R.W.: The Swiss abroad, when they come to visit Switzerland, are usually tourists themselves. They are in a position to compare Switzerland's attractiveness with that of the countries where they live and others they have travelled to.
swissinfo: You will also be discussing the upcoming vote on the extension of a labour accord accord to ten new member states of the European Union. The Swiss abroad are known for their openness to towards migrants. Do you expect them to vote "yes"?
R.W.: The council, which defends the interests of the Swiss abroad in Switzerland, has already discussed the second set of bilateral accords with the EU as well as the extension of the free movement of people agreement last year and was clearly in favour.

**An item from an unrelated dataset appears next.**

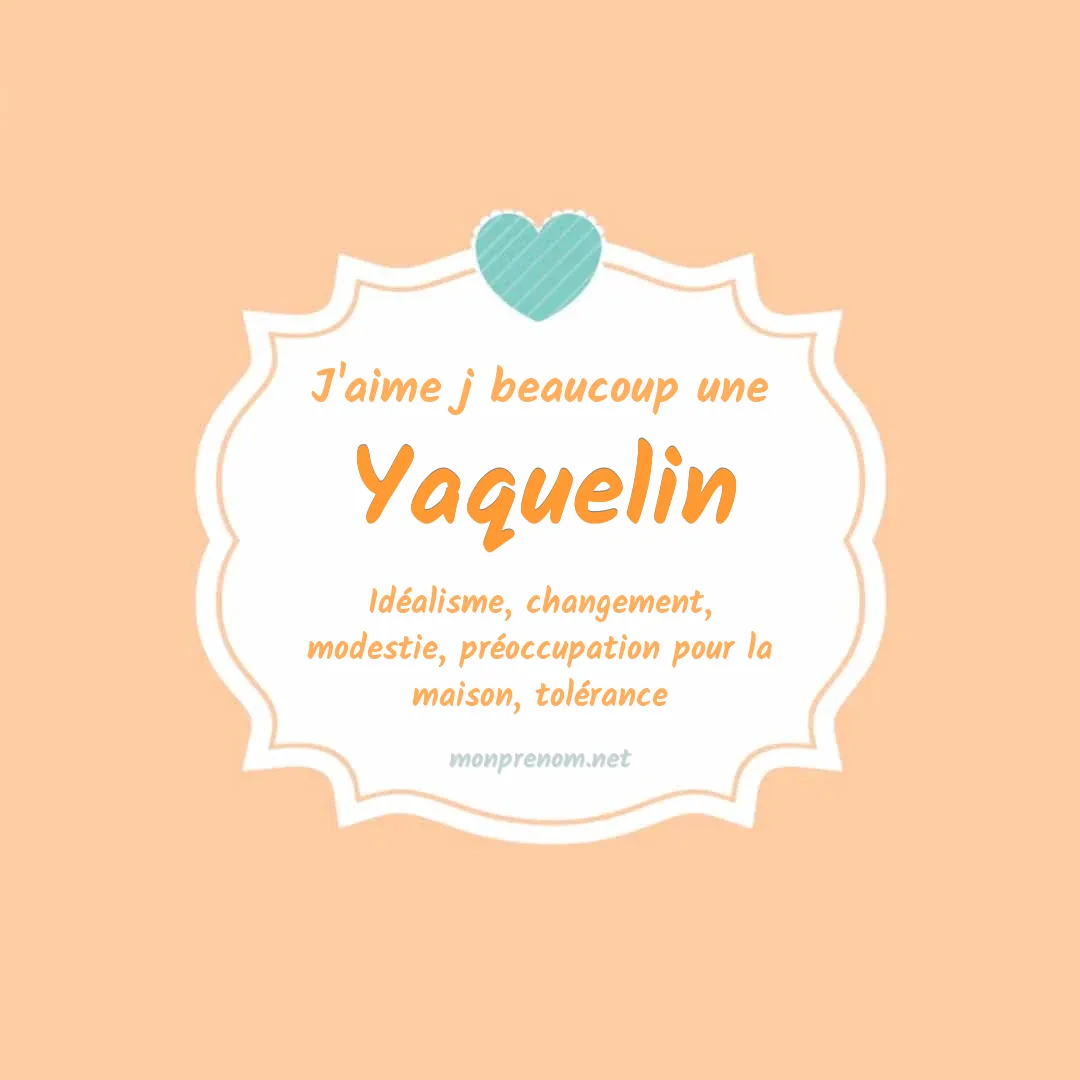 J'aime beaucoup Yaquelin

This time, we will discuss the September 25 poll. I'm ready to bet the council will recommend a "yes" vote.
swissinfo: What benefits would a "yes" vote have for the Swiss Abroad?
R.W.: The Swiss abroad realise that being mobile for work reasons is something that isn't just important for foreigners and isn't only valid outside Europe. They know that mobility is important for the Swiss and they should take advantage of it.
The Swiss abroad are mobile, and that's why they are well informed about this issue and are prepared to guarantee mobility.
swissinfo: What would happen if people voted "no"? Would it damage Switzerland's image, and would that affect the Swiss abroad?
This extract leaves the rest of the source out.